Aim of the task: The records that follow are to be transcribed exactly.

Data for review:
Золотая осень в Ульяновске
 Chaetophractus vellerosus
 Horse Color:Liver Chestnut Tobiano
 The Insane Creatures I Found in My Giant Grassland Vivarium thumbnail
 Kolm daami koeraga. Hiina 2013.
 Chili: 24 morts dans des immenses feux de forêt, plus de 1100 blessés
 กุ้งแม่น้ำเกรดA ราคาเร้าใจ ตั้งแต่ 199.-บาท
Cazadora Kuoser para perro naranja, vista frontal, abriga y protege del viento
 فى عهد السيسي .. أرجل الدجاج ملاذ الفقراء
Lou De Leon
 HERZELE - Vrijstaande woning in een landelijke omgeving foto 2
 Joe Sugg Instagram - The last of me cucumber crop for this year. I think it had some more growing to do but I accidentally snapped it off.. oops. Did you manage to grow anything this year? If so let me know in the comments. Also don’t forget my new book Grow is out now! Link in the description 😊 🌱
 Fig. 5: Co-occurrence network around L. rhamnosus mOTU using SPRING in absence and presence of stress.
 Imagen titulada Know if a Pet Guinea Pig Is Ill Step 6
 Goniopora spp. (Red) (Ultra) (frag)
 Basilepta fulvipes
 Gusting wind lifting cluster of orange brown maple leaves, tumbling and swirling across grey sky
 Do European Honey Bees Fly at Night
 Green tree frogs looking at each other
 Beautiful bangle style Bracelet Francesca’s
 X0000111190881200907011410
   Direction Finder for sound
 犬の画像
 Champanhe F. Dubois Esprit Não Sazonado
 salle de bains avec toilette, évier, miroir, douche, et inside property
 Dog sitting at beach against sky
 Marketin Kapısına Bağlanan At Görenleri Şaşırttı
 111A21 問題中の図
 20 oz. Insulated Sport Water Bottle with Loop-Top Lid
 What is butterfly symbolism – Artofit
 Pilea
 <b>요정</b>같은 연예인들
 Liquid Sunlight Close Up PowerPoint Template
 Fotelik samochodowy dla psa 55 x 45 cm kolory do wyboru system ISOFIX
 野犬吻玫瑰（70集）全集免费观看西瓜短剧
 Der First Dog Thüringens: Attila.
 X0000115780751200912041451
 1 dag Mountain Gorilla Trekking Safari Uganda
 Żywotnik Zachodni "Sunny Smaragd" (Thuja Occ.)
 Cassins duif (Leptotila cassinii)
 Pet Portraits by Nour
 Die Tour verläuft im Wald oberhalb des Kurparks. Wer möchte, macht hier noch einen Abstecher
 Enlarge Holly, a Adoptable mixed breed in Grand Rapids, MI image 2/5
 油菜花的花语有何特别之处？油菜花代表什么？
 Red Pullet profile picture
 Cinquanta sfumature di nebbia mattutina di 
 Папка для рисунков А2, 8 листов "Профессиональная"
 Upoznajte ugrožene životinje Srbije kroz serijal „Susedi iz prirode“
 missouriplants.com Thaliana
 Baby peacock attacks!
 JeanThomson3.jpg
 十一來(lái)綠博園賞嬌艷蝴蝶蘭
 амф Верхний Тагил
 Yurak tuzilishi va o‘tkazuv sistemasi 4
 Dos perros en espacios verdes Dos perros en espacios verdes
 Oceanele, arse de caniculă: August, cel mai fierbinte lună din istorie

Completed exercise:
Золотая осень в Ульяновске
 Chaetophractus vellerosus
 Horse Color:Liver Chestnut Tobiano
 The Insane Creatures I Found in My Giant Grassland Vivarium thumbnail
 Kolm daami koeraga. Hiina 2013.
 Chili: 24 morts dans des immenses feux de forêt, plus de 1100 blessés
 กุ้งแม่น้ำเกรดA ราคาเร้าใจ ตั้งแต่ 199.-บาท
Cazadora Kuoser para perro naranja, vista frontal, abriga y protege del viento
 فى عهد السيسي .. أرجل الدجاج ملاذ الفقراء
Lou De Leon
 HERZELE - Vrijstaande woning in een landelijke omgeving foto 2
 Joe Sugg Instagram - The last of me cucumber crop for this year. I think it had some more growing to do but I accidentally snapped it off.. oops. Did you manage to grow anything this year? If so let me know in the comments. Also don’t forget my new book Grow is out now! Link in the description 😊 🌱
 Fig. 5: Co-occurrence network around L. rhamnosus mOTU using SPRING in absence and presence of stress.
 Imagen titulada Know if a Pet Guinea Pig Is Ill Step 6
 Goniopora spp. (Red) (Ultra) (frag)
 Basilepta fulvipes
 Gusting wind lifting cluster of orange brown maple leaves, tumbling and swirling across grey sky
 Do European Honey Bees Fly at Night
 Green tree frogs looking at each other
 Beautiful bangle style Bracelet Francesca’s
 X0000111190881200907011410
   Direction Finder for sound
 犬の画像
 Champanhe F. Dubois Esprit Não Sazonado
 salle de bains avec toilette, évier, miroir, douche, et inside property
 Dog sitting at beach against sky
 Marketin Kapısına Bağlanan At Görenleri Şaşırttı
 111A21 問題中の図
 20 oz. Insulated Sport Water Bottle with Loop-Top Lid
 What is butterfly symbolism – Artofit
 Pilea
 <b>요정</b>같은 연예인들
 Liquid Sunlight Close Up PowerPoint Template
 Fotelik samochodowy dla psa 55 x 45 cm kolory do wyboru system ISOFIX
 野犬吻玫瑰（70集）全集免费观看西瓜短剧
 Der First Dog Thüringens: Attila.
 X0000115780751200912041451
 1 dag Mountain Gorilla Trekking Safari Uganda
 Żywotnik Zachodni "Sunny Smaragd" (Thuja Occ.)
 Cassins duif (Leptotila cassinii)
 Pet Portraits by Nour
 Die Tour verläuft im Wald oberhalb des Kurparks. Wer möchte, macht hier noch einen Abstecher
 Enlarge Holly, a Adoptable mixed breed in Grand Rapids, MI image 2/5
 油菜花的花语有何特别之处？油菜花代表什么？
 Red Pullet profile picture
 Cinquanta sfumature di nebbia mattutina di 
 Папка для рисунков А2, 8 листов "Профессиональная"
 Upoznajte ugrožene životinje Srbije kroz serijal „Susedi iz prirode“
 missouriplants.com Thaliana
 Baby peacock attacks!
 JeanThomson3.jpg
 十一來(lái)綠博園賞嬌艷蝴蝶蘭
 амф Верхний Тагил
 Yurak tuzilishi va o‘tkazuv sistemasi 4
 Dos perros en espacios verdes Dos perros en espacios verdes
 Oceanele, arse de caniculă: August, cel mai fierbinte lună din istorie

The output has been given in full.